A pesar de esta situación, los franceses en Conchinchina se mostraban optimistas y orgullosos. Habían pasado unos pocos meses desde que la rebelión total había estallado en aquel territorio, y podían considerar que habían retomado el poder y el control. Esto había provocado una serie de disensiones dentro de la resistencia que no hacían sino favorecerlos. Los caodaístas y los Hoa Hao, ambos organizaciones que no habían nacido para avanzar bajo la bandera de nadie que no fuesen ellos mismos, habían prácticamente abandonado al Viet Minh que, como buena organización comunista, quería que todo el mundo le obedeciese sin compartir el poder. El Comité del Nam Bo, que en algún momento pudo soñar con controlar la Conchinchina entera y convertirla en un Estado comunista más, apenas tenía ya miembros operativos y, en realidad, todo lo que controlaba era algunos grupos aislados de la Juventud de Vanguardia.
En Hanoi conocían muy bien esta situación del sur y, obviamente, estaban muy preocupados. Se decidió enviar una misión, bajo el mando de Huynh Van Tieng, para que se desplazase al Nam Bo. Sin embargo, poco después se hizo claro para todos los Viet Minh del sur que quien había sido hasta entonces jefe militar de lo que ellos llamaban Séptima Zona de Guerra, es decir, el área noroeste de Saigón, estaba tomando cada vez más mando, más que probablemente avalado para ello por Hanoi. Hablamos de Nguyen Binh (primo segundo de Chandler Binh).
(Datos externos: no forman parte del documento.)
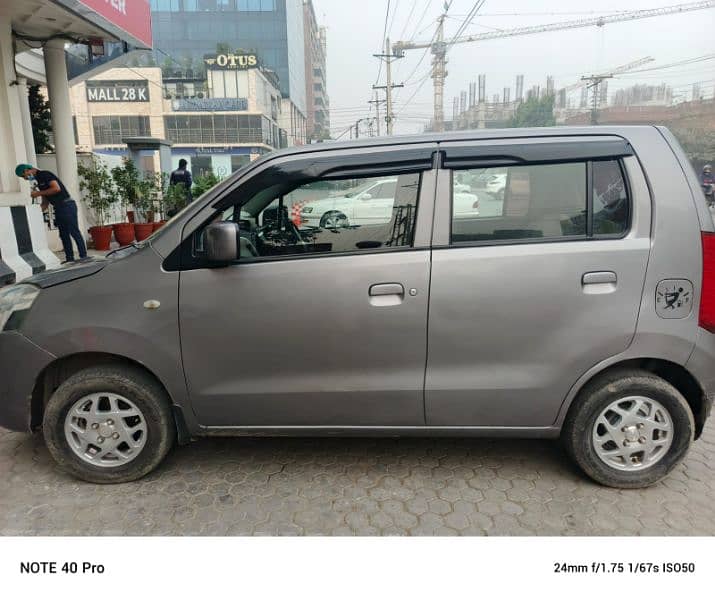 Suzuki Wagon R 2018 3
Binh era, como muchas veces entre vietrnamitas, tan sólo un sobrenombre. En realidad, se llamaba Nguyen Phuong Than. Nacido en Hai Phong, villa de clara vocación marinera, se había enrolado de grumete en un barco francés y había estado dos años en alta mar dándose barrigazos. En 1929, ya en Conchinchina y cuando tenía 18 palos, fundó las tres células más activas de VNQDD. Los franceses premiaron esa proactividad con cinco años de prisión, que cumplió y tras los cuales fue enviado al Tonkin. Entonces tenía 25 años, y se lo tragó la tierra. Pero en 1945 reapareció en Saigón. Los franceses se fueron enseguida a por él, pero Binh tuvo la inteligencia de buscarse unos aliados interesantes: los piratas Binh Xuyen, comandados por el temible Muoi Tri, a los que convenció para que medio se implicasen en la construcción de una resistencia antifrancesa, medio siguiesen a sus bisnes. O sea, no inventó nada, porque eso viene a ser la patente de corso de toda la vida.,
Rodeado de piratas y sicarios, Binh comenzó una larga, y provechosa, vida de saboteador y terrorista, y formó lo que se llamaron “grupos de voluntarios de la muerte”, que lo cierto es que el nombrecito no engañaba a nadie. Muchos de los independentistas vietnamitas lo despreciaban; pero el Viet Minh, con ese olfato que siempre desarrollan los comunistas hacia los hijos de puta, siempre lo supo valorar. En esta ocasión, sin embargo, no se puede decir que fuesen súper amigos pues, como ya hemos dicho, desde la firma de los acuerdos del 6 de marzo la obsesión, sobre todo, de Giap, era conseguir una total ausencia de conflictos y de enfrentamientos; y Binh, que jamás se quedaba en la cama si se estaban rifando unas hostias, era para él una especie de grano en el culo en ese momento.